Work item:
Please restate the data that follows, leaving every word in place.

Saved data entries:
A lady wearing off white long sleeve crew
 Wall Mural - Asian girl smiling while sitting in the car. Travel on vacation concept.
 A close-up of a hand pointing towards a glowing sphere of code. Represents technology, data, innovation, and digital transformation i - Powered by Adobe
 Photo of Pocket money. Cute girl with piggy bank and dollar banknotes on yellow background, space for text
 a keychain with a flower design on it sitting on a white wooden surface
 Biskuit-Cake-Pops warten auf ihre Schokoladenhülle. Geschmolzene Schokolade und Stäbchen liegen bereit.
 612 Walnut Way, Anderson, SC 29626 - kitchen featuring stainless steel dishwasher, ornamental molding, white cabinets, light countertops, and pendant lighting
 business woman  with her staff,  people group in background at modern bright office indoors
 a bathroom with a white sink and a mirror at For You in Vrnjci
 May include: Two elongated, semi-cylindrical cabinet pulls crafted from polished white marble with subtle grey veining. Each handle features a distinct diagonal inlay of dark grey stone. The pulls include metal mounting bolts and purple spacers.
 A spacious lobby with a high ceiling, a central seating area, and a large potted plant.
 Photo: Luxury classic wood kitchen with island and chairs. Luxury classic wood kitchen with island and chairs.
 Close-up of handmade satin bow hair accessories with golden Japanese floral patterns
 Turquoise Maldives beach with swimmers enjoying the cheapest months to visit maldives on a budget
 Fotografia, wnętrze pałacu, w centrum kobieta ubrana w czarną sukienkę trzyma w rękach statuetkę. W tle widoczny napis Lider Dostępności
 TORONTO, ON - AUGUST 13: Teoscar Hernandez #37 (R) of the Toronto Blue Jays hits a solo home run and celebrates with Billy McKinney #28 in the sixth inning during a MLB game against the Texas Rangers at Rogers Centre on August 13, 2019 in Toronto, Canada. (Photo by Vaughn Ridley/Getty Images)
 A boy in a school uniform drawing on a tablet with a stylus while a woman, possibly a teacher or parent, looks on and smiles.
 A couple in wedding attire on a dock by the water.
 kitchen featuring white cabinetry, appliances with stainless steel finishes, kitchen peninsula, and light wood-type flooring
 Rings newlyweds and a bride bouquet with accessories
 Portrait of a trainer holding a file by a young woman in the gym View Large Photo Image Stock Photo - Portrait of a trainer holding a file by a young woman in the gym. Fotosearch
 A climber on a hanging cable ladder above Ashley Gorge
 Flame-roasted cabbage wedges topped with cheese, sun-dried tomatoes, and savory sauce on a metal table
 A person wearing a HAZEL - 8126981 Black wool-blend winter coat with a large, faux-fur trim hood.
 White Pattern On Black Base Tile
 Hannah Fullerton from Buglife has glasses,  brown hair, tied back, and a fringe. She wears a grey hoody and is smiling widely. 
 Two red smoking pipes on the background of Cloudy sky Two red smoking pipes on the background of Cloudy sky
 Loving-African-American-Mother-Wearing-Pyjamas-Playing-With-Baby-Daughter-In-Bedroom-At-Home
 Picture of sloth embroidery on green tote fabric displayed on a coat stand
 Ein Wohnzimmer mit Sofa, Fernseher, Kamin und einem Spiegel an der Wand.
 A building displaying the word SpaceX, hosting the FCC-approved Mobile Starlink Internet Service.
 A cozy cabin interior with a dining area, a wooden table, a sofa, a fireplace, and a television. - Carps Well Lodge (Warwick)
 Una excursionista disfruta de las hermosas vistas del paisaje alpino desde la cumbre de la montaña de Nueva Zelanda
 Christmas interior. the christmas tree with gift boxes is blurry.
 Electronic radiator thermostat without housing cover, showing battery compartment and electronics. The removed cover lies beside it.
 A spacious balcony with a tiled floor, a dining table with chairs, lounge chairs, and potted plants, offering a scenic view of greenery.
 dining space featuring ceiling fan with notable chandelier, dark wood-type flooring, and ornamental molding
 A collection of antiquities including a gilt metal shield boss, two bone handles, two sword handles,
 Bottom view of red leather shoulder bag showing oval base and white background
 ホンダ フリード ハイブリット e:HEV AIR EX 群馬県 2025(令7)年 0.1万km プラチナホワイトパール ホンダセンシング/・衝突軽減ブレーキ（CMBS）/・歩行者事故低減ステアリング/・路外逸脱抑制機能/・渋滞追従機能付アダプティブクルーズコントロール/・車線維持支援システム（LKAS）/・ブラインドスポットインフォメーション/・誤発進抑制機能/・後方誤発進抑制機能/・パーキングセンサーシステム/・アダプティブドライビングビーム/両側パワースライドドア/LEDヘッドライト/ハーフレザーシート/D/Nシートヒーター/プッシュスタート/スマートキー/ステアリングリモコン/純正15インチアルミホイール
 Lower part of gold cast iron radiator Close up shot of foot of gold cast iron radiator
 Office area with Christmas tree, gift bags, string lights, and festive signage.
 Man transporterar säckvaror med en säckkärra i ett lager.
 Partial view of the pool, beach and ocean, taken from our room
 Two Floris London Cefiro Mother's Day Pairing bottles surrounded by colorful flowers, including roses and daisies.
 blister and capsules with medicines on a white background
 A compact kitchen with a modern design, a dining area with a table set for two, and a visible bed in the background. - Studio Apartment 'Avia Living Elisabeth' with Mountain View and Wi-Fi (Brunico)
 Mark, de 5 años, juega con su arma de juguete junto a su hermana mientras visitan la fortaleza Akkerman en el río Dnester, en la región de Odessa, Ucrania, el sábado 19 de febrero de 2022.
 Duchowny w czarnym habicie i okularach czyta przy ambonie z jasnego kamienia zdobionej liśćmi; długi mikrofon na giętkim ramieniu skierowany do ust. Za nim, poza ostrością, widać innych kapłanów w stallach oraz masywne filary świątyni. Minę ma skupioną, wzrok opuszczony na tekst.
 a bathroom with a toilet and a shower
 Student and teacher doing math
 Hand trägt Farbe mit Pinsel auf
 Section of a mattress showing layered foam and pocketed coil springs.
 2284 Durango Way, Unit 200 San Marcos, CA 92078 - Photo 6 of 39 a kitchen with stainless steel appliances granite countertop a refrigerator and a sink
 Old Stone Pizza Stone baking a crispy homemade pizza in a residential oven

Response:
A lady wearing off white long sleeve crew
 Wall Mural - Asian girl smiling while sitting in the car. Travel on vacation concept.
 A close-up of a hand pointing towards a glowing sphere of code. Represents technology, data, innovation, and digital transformation i - Powered by Adobe
 Photo of Pocket money. Cute girl with piggy bank and dollar banknotes on yellow background, space for text
 a keychain with a flower design on it sitting on a white wooden surface
 Biskuit-Cake-Pops warten auf ihre Schokoladenhülle. Geschmolzene Schokolade und Stäbchen liegen bereit.
 612 Walnut Way, Anderson, SC 29626 - kitchen featuring stainless steel dishwasher, ornamental molding, white cabinets, light countertops, and pendant lighting
 business woman  with her staff,  people group in background at modern bright office indoors
 a bathroom with a white sink and a mirror at For You in Vrnjci
 May include: Two elongated, semi-cylindrical cabinet pulls crafted from polished white marble with subtle grey veining. Each handle features a distinct diagonal inlay of dark grey stone. The pulls include metal mounting bolts and purple spacers.
 A spacious lobby with a high ceiling, a central seating area, and a large potted plant.
 Photo: Luxury classic wood kitchen with island and chairs. Luxury classic wood kitchen with island and chairs.
 Close-up of handmade satin bow hair accessories with golden Japanese floral patterns
 Turquoise Maldives beach with swimmers enjoying the cheapest months to visit maldives on a budget
 Fotografia, wnętrze pałacu, w centrum kobieta ubrana w czarną sukienkę trzyma w rękach statuetkę. W tle widoczny napis Lider Dostępności
 TORONTO, ON - AUGUST 13: Teoscar Hernandez #37 (R) of the Toronto Blue Jays hits a solo home run and celebrates with Billy McKinney #28 in the sixth inning during a MLB game against the Texas Rangers at Rogers Centre on August 13, 2019 in Toronto, Canada. (Photo by Vaughn Ridley/Getty Images)
 A boy in a school uniform drawing on a tablet with a stylus while a woman, possibly a teacher or parent, looks on and smiles.
 A couple in wedding attire on a dock by the water.
 kitchen featuring white cabinetry, appliances with stainless steel finishes, kitchen peninsula, and light wood-type flooring
 Rings newlyweds and a bride bouquet with accessories
 Portrait of a trainer holding a file by a young woman in the gym View Large Photo Image Stock Photo - Portrait of a trainer holding a file by a young woman in the gym. Fotosearch
 A climber on a hanging cable ladder above Ashley Gorge
 Flame-roasted cabbage wedges topped with cheese, sun-dried tomatoes, and savory sauce on a metal table
 A person wearing a HAZEL - 8126981 Black wool-blend winter coat with a large, faux-fur trim hood.
 White Pattern On Black Base Tile
 Hannah Fullerton from Buglife has glasses,  brown hair, tied back, and a fringe. She wears a grey hoody and is smiling widely. 
 Two red smoking pipes on the background of Cloudy sky Two red smoking pipes on the background of Cloudy sky
 Loving-African-American-Mother-Wearing-Pyjamas-Playing-With-Baby-Daughter-In-Bedroom-At-Home
 Picture of sloth embroidery on green tote fabric displayed on a coat stand
 Ein Wohnzimmer mit Sofa, Fernseher, Kamin und einem Spiegel an der Wand.
 A building displaying the word SpaceX, hosting the FCC-approved Mobile Starlink Internet Service.
 A cozy cabin interior with a dining area, a wooden table, a sofa, a fireplace, and a television. - Carps Well Lodge (Warwick)
 Una excursionista disfruta de las hermosas vistas del paisaje alpino desde la cumbre de la montaña de Nueva Zelanda
 Christmas interior. the christmas tree with gift boxes is blurry.
 Electronic radiator thermostat without housing cover, showing battery compartment and electronics. The removed cover lies beside it.
 A spacious balcony with a tiled floor, a dining table with chairs, lounge chairs, and potted plants, offering a scenic view of greenery.
 dining space featuring ceiling fan with notable chandelier, dark wood-type flooring, and ornamental molding
 A collection of antiquities including a gilt metal shield boss, two bone handles, two sword handles,
 Bottom view of red leather shoulder bag showing oval base and white background
 ホンダ フリード ハイブリット e:HEV AIR EX 群馬県 2025(令7)年 0.1万km プラチナホワイトパール ホンダセンシング/・衝突軽減ブレーキ（CMBS）/・歩行者事故低減ステアリング/・路外逸脱抑制機能/・渋滞追従機能付アダプティブクルーズコントロール/・車線維持支援システム（LKAS）/・ブラインドスポットインフォメーション/・誤発進抑制機能/・後方誤発進抑制機能/・パーキングセンサーシステム/・アダプティブドライビングビーム/両側パワースライドドア/LEDヘッドライト/ハーフレザーシート/D/Nシートヒーター/プッシュスタート/スマートキー/ステアリングリモコン/純正15インチアルミホイール
 Lower part of gold cast iron radiator Close up shot of foot of gold cast iron radiator
 Office area with Christmas tree, gift bags, string lights, and festive signage.
 Man transporterar säckvaror med en säckkärra i ett lager.
 Partial view of the pool, beach and ocean, taken from our room
 Two Floris London Cefiro Mother's Day Pairing bottles surrounded by colorful flowers, including roses and daisies.
 blister and capsules with medicines on a white background
 A compact kitchen with a modern design, a dining area with a table set for two, and a visible bed in the background. - Studio Apartment 'Avia Living Elisabeth' with Mountain View and Wi-Fi (Brunico)
 Mark, de 5 años, juega con su arma de juguete junto a su hermana mientras visitan la fortaleza Akkerman en el río Dnester, en la región de Odessa, Ucrania, el sábado 19 de febrero de 2022.
 Duchowny w czarnym habicie i okularach czyta przy ambonie z jasnego kamienia zdobionej liśćmi; długi mikrofon na giętkim ramieniu skierowany do ust. Za nim, poza ostrością, widać innych kapłanów w stallach oraz masywne filary świątyni. Minę ma skupioną, wzrok opuszczony na tekst.
 a bathroom with a toilet and a shower
 Student and teacher doing math
 Hand trägt Farbe mit Pinsel auf
 Section of a mattress showing layered foam and pocketed coil springs.
 2284 Durango Way, Unit 200 San Marcos, CA 92078 - Photo 6 of 39 a kitchen with stainless steel appliances granite countertop a refrigerator and a sink
 Old Stone Pizza Stone baking a crispy homemade pizza in a residential oven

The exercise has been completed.